Thursday, March 6, 2014

Tribute to Harold Ramis and a Challenging Forecast

Today's post goes out to Harold Ramis, who passed away in late February.  Ramis wrote or acted in many of the great comedies of my youth including Meatballs, Animal House, Caddyshack, Stripes, and Ghost Busters.  If I'm killing time flicking channels and find one of these movies, I'm hooked until they are over and my kids roll their eyes as I recite every line by memory.  Dean Wormer's lecture to the guys from Delta House is one of my favorites, and I enjoy it even more now that I've been a professor and a Department Chair.


I thought of Ramis because he wrote Groundhog Day, the movie in which Bill Murray's character is a weatherman who experiences the same day over and over again.  On the large scale, the system we have rumbling into Utah is a bit of a repeat of the previous one in that the upper-level trough and attendant cold front are rolling over and through a long-wave ridge.  

On the other hand, the system is stronger and, although it is currently warm, the post-frontal environment should be colder and a bit more active.  Places like the Cottonwoods will probably get more snow and it will (eventually) be of a lower-water-content variety.  

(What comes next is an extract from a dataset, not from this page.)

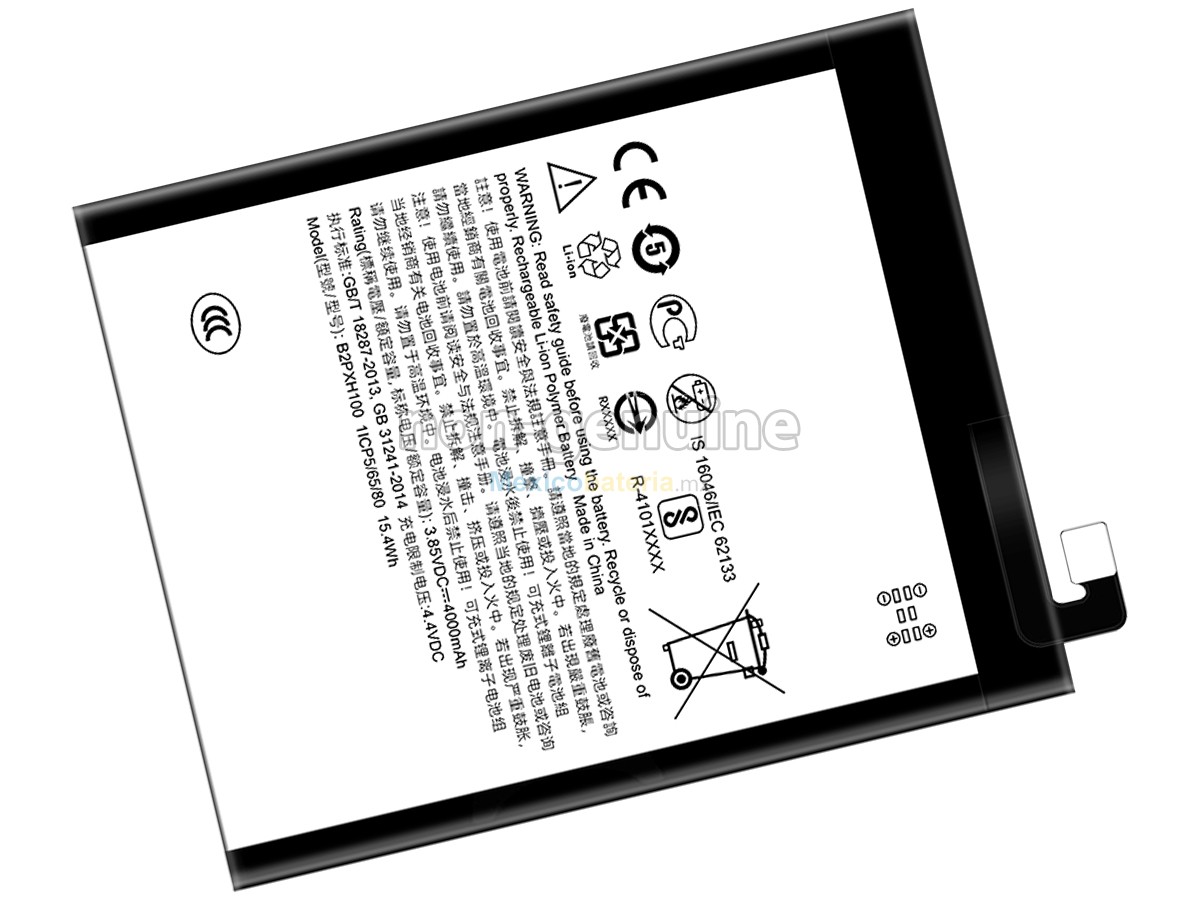 batería para HTC B2PXH100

Right now, the system is broken into pieces - the leading edge is entering northwest Utah, there's another area of scattered precipitation over central Idaho and northern Nevada, and then the meat and potatoes over the Pacific Northwest.  


Although the regional radar image above doesn't look too impressive, both the NAM and GFS are calling for things to pick up nicely later today and give us about 0.75 inches of water and 8 inches of snow in upper Little Cottonwood, which should be start out as high density, but gradually transition to something a bit drier.  

If that forecast verifies, the skiing should be pretty nice tomorrow. 

This kind of forecast, however, always puts knots in my stomach.  The coverage and intensity of precipitation upstream isn't all that impressive until you get to the coast.  The beauty of our computer models and that they can develop or intensify storms in ways one might not expect from linear extrapolation, and sometimes they do this well, but going all in on such forecasts always makes me nervous (the fact both models are similar gives me a bit more confidence).  In addition, much will depend on the position of some of the precipitation bands that develop in the storm.  For example, the NAM goes crazy with a precipitation band this evening and, if that comes together, it needs to setup in the right place.  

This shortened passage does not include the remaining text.